Вернисаж

Персональный иллюстратор Нострадамуса

Его первый художественный опыт поверг в ужас одноклассников и испугал самого «живописца», Кто бы тогда мог подумать, что лет через десять Брюс Пеннингтон прославится как один из лучших иллюстраторов фэнтези и НФ?

«Помню, что собирался нарисовать гусыню. А получилось совершенно кошмарное чудовище с коричневой размытой головой, ярко-алым хищным клювом и лапами не домашней птицы, а какого-то дракона. К тому же я поспешил прикрепить картину кнопкой на стену, краски еще не высохли, и на глазах у онемевшего класса струйка краски медленно потекла вниз, окончательно превратив мою гусыню в какое-то отвратительное пресмыкающееся, в змею или ящерицу. Я был поражен более всех и несколько лет после этого буквально не прикасался к краскам и кисточке».

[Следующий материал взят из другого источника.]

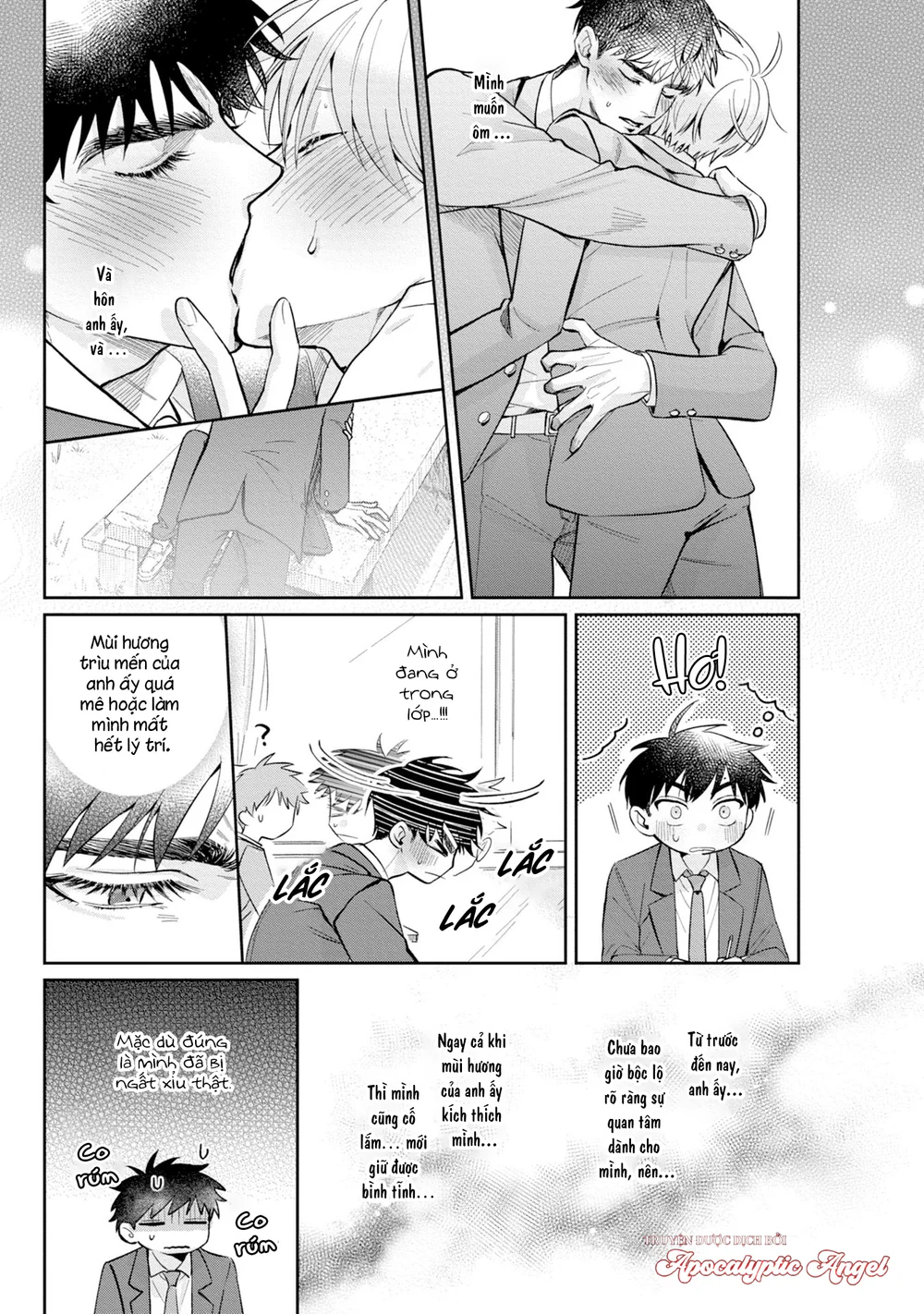 Đọc truyện Mùi Hương Dẫn Lối, Định Mệnh Giao Thoa - Chapter 5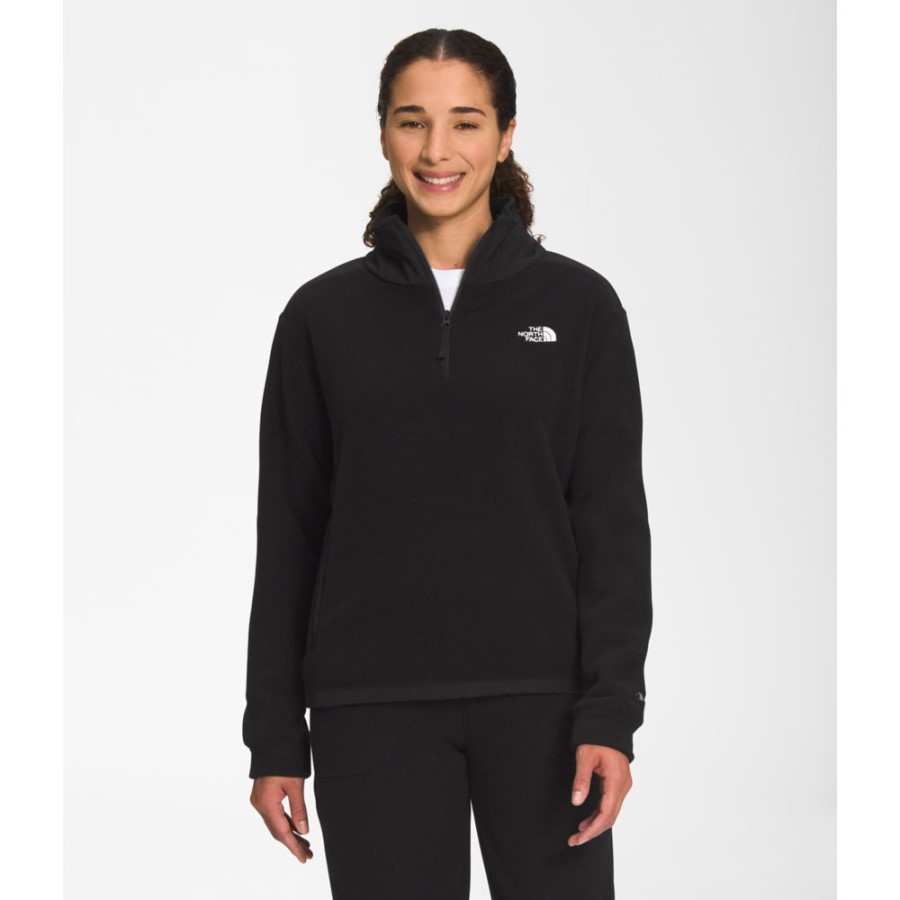 Black The North Face נשים Alpine Polartec 200 Zip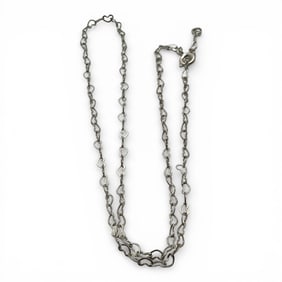 Sterling Silver Heart Necklace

Это было первое «полотно» Брюса Пеннингтона, родившегося в английском графстве Соммерсет в 1944 году и рискнувшего в возрасте девяти лет впервые выставить свое творчество на всеобщее обозрение.

После этого печального опыта фантазер и выдумщик надолго охладел к потусторонним существам и увлекся самой что ни на есть реалистической фауной. Он с исступлением начал рисовать птиц — всех, каких мог увидеть воочию, и других, невиданных, экзотических, прилежно перерисовывая образцы из энциклопедий и орнитологических атласов в местной библиотеке. Хотя надо заметить, что и в реальных пернатых мальчик сумел разглядеть создания фантастические. «Птицы всегда казались мне какими-то нереальными существами — буквально созданиями эфира», — вспоминал он много позже.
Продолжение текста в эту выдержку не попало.